**TASK BRIEF:** Please repeat the data exactly, leaving nothing out.

(Beginning of SOURCE MATERIAL)

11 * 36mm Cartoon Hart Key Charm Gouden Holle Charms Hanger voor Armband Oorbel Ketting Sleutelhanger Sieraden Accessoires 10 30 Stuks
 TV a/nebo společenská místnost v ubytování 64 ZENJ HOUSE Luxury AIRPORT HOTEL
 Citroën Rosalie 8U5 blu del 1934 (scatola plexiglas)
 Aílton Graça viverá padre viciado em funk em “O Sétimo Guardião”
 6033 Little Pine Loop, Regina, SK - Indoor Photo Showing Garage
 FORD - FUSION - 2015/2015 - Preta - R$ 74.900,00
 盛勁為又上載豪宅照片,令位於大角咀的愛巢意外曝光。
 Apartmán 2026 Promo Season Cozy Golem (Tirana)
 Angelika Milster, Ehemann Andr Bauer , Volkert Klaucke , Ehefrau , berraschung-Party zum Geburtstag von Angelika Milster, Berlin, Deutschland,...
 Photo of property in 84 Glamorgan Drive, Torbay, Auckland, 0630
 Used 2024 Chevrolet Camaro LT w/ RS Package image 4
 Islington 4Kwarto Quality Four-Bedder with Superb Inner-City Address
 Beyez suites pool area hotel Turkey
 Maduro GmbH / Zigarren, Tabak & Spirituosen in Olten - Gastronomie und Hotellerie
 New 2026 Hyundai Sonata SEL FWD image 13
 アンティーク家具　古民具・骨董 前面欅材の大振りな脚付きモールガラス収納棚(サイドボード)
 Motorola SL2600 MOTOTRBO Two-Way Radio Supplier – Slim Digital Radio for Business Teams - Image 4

(End of SOURCE MATERIAL)

**ANSWER AREA:**
11 * 36mm Cartoon Hart Key Charm Gouden Holle Charms Hanger voor Armband Oorbel Ketting Sleutelhanger Sieraden Accessoires 10 30 Stuks
 TV a/nebo společenská místnost v ubytování 64 ZENJ HOUSE Luxury AIRPORT HOTEL
 Citroën Rosalie 8U5 blu del 1934 (scatola plexiglas)
 Aílton Graça viverá padre viciado em funk em “O Sétimo Guardião”
 6033 Little Pine Loop, Regina, SK - Indoor Photo Showing Garage
 FORD - FUSION - 2015/2015 - Preta - R$ 74.900,00
 盛勁為又上載豪宅照片,令位於大角咀的愛巢意外曝光。
 Apartmán 2026 Promo Season Cozy Golem (Tirana)
 Angelika Milster, Ehemann Andr Bauer , Volkert Klaucke , Ehefrau , berraschung-Party zum Geburtstag von Angelika Milster, Berlin, Deutschland,...
 Photo of property in 84 Glamorgan Drive, Torbay, Auckland, 0630
 Used 2024 Chevrolet Camaro LT w/ RS Package image 4
 Islington 4Kwarto Quality Four-Bedder with Superb Inner-City Address
 Beyez suites pool area hotel Turkey
 Maduro GmbH / Zigarren, Tabak & Spirituosen in Olten - Gastronomie und Hotellerie
 New 2026 Hyundai Sonata SEL FWD image 13
 アンティーク家具　古民具・骨董 前面欅材の大振りな脚付きモールガラス収納棚(サイドボード)
 Motorola SL2600 MOTOTRBO Two-Way Radio Supplier – Slim Digital Radio for Business Teams - Image 4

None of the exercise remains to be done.